Data provided —
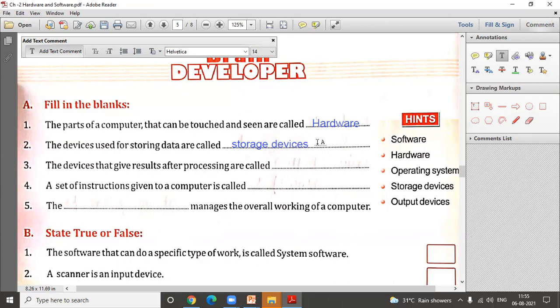The next question is: the devices that give the result after processing are called blank. Devices that give the final output — like a monitor displaying output, or a printer or speaker — all belong to the category of output devices. So the third answer is output devices.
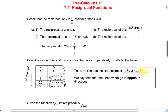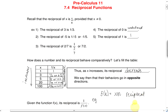Now we're going to look at reciprocal functions. If you are given a function f of x, its reciprocal is 1 over f of x. For example, if f of x equals x plus 2, then its reciprocal would be y equals 1 over x plus 2.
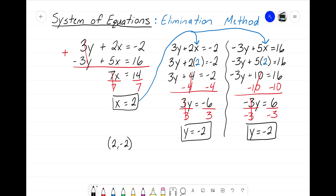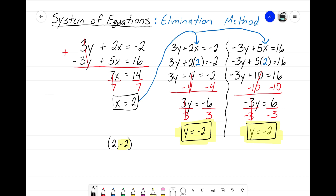Hopefully we can see that it truly does not matter which equation you substitute your x value back into — you will always get y equals negative 2. It didn't matter which one I used, just as long as I did the steps correctly. That's the elimination method — that's how we combine two equations where neither starts with y equals or x equals. When equal values and substitution won't work, we use the elimination method. Alright guys, it's that Math Magician — I'll see you on the next video.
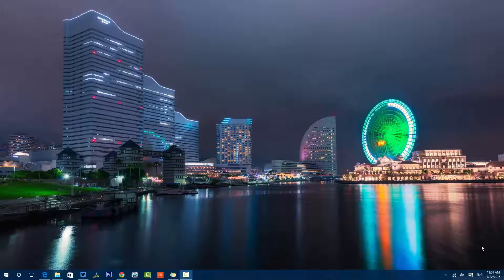This feature was previously available only with a third-party app, but now we have a multiple desktop feature built in. You can create multiple desktops — one for office work, one for personal work, one for browsing, etc. — and have different apps running in each virtual desktop.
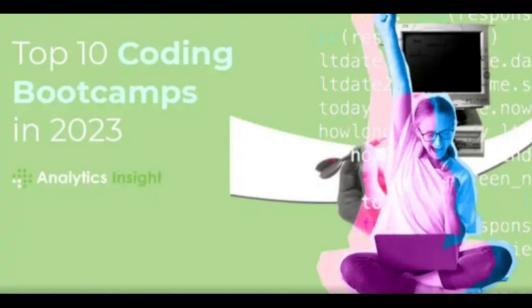Whichever bootcamp you choose, investing in your coding skills through these immersive programs will undoubtedly set you on the path to a successful and fulfilling career in the tech industry.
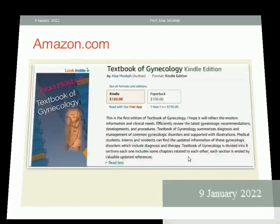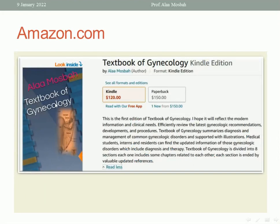This is the textbook of gynecology on Amazon, available in two forms as you can see — Kindle and paperback. It is divided into eight sections, each section containing related chapters. I put anatomy and embryology together, then the physiology of the menstrual cycle, then the normal and the abnormal, going through hormonal changes, pubertal changes, menopause, and so on.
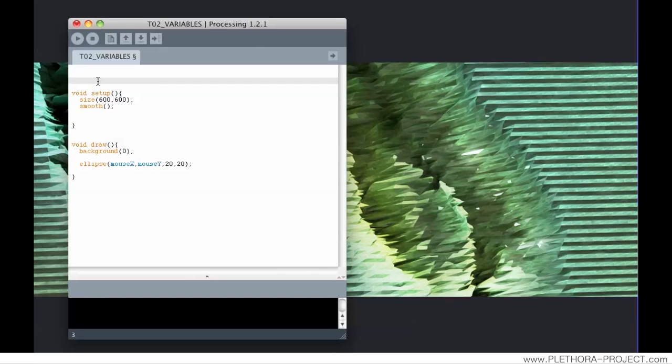So there are different kinds of variables. There are integers, floats, strings and many others, but mainly we can classify them in two groups. We have numbers and letters.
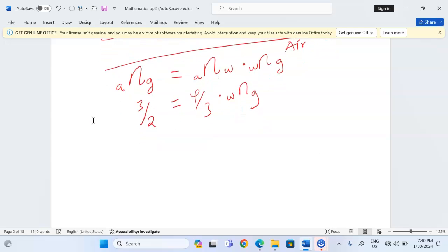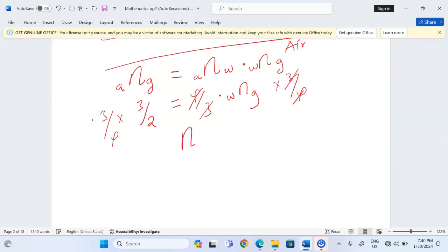So 3/2 = (4/3) × (refractive index of glass with respect to water). To isolate the unknown, we multiply both sides by 3/4, giving us the refractive index of glass with respect to water as 9/8, which is equivalent to 1.125.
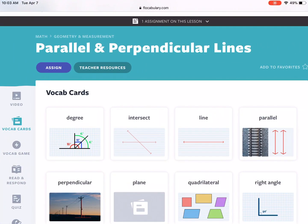Now everyone's a vocabulary expert! I hope that this video helped you understand how to complete the vocab cards activity, and remember that the best preparation for tomorrow is by doing your best today.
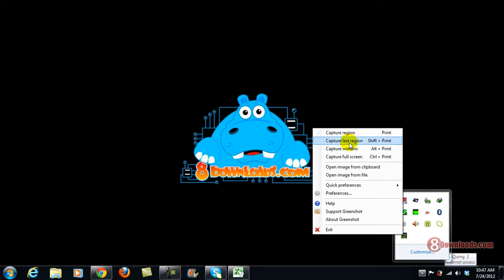To capture a last region, shift print screen. To capture a window, Alt-print screen, and to capture a full screen, that's control-print screen.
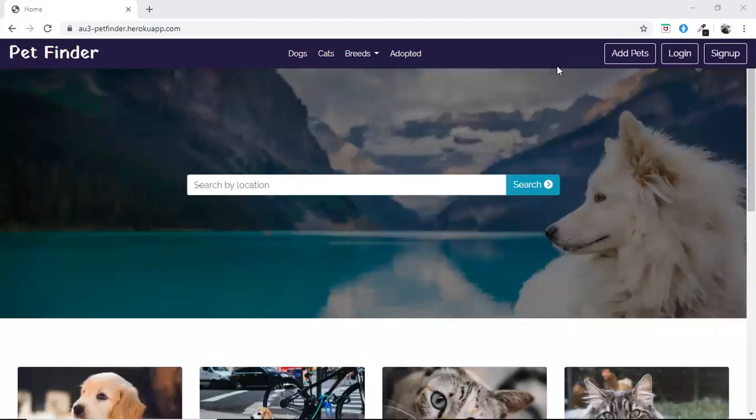Hello everyone, I am Shrabiya. The title of our project is Pet Finder. The main motto behind our project is to provide shelter for abandoned pets. For our instance, we considered dogs and cats in our project.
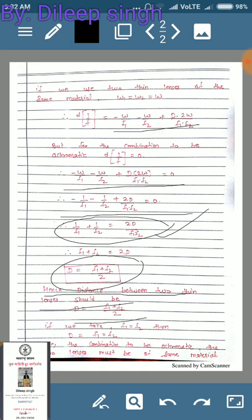Hence the distance between the two thin lenses should be D = (f₁ + f₂)/2, which is the mean of the focal lengths. If both lenses have the same focal length, then f₁ = f₂ and we can write D = f₁ = f₂. So for the combination to be achromatic, the two lenses must be of the same material. This is the condition and the derivation. This is an expected 8-mark question, so thank you for watching.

Aim of the task —
Word for word, reproduce all the data, but not the pictures.

Output for this exercise —
The next question is: the devices that give the result after processing are called blank. Devices that give the final output — like a monitor displaying output, or a printer or speaker — all belong to the category of output devices. So the third answer is output devices.
Now we're going to look at reciprocal functions. If you are given a function f of x, its reciprocal is 1 over f of x. For example, if f of x equals x plus 2, then its reciprocal would be y equals 1 over x plus 2.
Hopefully we can see that it truly does not matter which equation you substitute your x value back into — you will always get y equals negative 2. It didn't matter which one I used, just as long as I did the steps correctly. That's the elimination method — that's how we combine two equations where neither starts with y equals or x equals. When equal values and substitution won't work, we use the elimination method. Alright guys, it's that Math Magician — I'll see you on the next video.
This feature was previously available only with a third-party app, but now we have a multiple desktop feature built in. You can create multiple desktops — one for office work, one for personal work, one for browsing, etc. — and have different apps running in each virtual desktop.
Whichever bootcamp you choose, investing in your coding skills through these immersive programs will undoubtedly set you on the path to a successful and fulfilling career in the tech industry.
This is the textbook of gynecology on Amazon, available in two forms as you can see — Kindle and paperback. It is divided into eight sections, each section containing related chapters. I put anatomy and embryology together, then the physiology of the menstrual cycle, then the normal and the abnormal, going through hormonal changes, pubertal changes, menopause, and so on.
So there are different kinds of variables. There are integers, floats, strings and many others, but mainly we can classify them in two groups. We have numbers and letters.
So 3/2 = (4/3) × (refractive index of glass with respect to water). To isolate the unknown, we multiply both sides by 3/4, giving us the refractive index of glass with respect to water as 9/8, which is equivalent to 1.125.
Now everyone's a vocabulary expert! I hope that this video helped you understand how to complete the vocab cards activity, and remember that the best preparation for tomorrow is by doing your best today.
To capture a last region, shift print screen. To capture a window, Alt-print screen, and to capture a full screen, that's control-print screen.
Hello everyone, I am Shrabiya. The title of our project is Pet Finder. The main motto behind our project is to provide shelter for abandoned pets. For our instance, we considered dogs and cats in our project.
Hence the distance between the two thin lenses should be D = (f₁ + f₂)/2, which is the mean of the focal lengths. If both lenses have the same focal length, then f₁ = f₂ and we can write D = f₁ = f₂. So for the combination to be achromatic, the two lenses must be of the same material. This is the condition and the derivation. This is an expected 8-mark question, so thank you for watching.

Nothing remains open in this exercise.